Minister of Justice
- In office 20 March 1947 – 27 November 1948
- Preceded by: Albert Lilar
- Succeeded by: Henri Moreau de Melen

President of the Senate
- In office 27 June 1950 – 12 March 1954
- Preceded by: Robert Gillon
- Succeeded by: Robert Gillon
- In office 24 June 1958 – 5 October 1973
- Preceded by: Robert Gillon
- Succeeded by: Pierre Harmel

Personal details
- Born: 1 July 1896 Ghent, Belgium
- Died: 16 February 1974 (aged 77) Ixelles, Belgium
- Party: Christian Social Party (PSC-CVP)

= Paul Struye =

Belgian lawyer and politician

Paul Victor Antoine Struye (1 September 1896 – 16 February 1974) was a Belgian lawyer, politician, and journalist, notable for his writings during World War II. A native of Ghent, Struye served in the Belgian Army during World War I. He qualified as a lawyer in the years after the war and also worked as a journalist at the Catholic newspaper La Libre Belgique.
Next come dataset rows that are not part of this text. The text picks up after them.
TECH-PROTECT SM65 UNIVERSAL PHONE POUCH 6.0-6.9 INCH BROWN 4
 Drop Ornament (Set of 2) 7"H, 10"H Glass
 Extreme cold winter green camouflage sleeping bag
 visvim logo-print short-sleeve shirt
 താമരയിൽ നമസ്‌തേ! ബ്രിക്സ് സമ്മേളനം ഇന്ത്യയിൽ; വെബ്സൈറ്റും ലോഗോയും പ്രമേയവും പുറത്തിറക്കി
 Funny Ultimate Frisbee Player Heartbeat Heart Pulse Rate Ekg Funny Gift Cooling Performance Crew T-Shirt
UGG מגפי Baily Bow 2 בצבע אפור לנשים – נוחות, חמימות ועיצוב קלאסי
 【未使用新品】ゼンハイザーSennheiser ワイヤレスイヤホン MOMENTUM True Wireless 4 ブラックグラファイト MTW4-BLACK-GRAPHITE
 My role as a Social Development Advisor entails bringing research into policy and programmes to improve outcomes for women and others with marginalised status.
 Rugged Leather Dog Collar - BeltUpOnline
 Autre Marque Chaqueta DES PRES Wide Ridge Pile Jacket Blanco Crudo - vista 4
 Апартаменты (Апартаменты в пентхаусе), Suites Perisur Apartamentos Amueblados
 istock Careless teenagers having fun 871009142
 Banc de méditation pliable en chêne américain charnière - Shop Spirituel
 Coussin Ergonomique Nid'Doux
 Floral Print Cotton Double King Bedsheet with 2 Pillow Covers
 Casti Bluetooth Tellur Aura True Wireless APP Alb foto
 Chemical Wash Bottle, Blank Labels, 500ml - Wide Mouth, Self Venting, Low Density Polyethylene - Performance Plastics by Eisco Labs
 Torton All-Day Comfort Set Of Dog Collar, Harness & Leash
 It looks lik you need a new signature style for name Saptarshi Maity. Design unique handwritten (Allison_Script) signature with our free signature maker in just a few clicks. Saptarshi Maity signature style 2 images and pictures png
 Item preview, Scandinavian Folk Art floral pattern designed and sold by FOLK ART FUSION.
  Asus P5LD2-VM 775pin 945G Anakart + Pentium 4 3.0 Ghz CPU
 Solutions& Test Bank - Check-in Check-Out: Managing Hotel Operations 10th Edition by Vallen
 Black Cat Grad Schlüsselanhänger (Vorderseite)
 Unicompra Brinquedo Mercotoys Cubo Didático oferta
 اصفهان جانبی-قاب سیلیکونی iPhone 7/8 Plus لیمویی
A royalist and patriot, Struye was soon attracted to the Belgian resistance during World War II and was influential once La Libre Belgique became an underground newspaper. His diary of life under occupation and writings on public opinion are important historical sources on the period. After the war, Struye entered politics in the Christian Social Party as a senator and held the portfolio of Minister of Justice (1947-1948). He subsequently held the post of President of the Senate on two occasions.

==Biography==
===Early life===
Paul Struye was born in Ghent, Belgium in 1896, the son of Dr. Eugène Struye and Jenny Linon. He was educated at Sint-Barbaracollege. During World War I, in 1915, Struye was smuggled out of German-occupied Belgium to join the Belgian army in exile, but was declared ineligible for all but ancillary military duties. Eventually he wrote to Queen Elisabeth to request a transfer to the front, where he served as a stretcher bearer. In 1918, while still at the front, he sat a philosophy degree. In November 1918, he was wounded in action.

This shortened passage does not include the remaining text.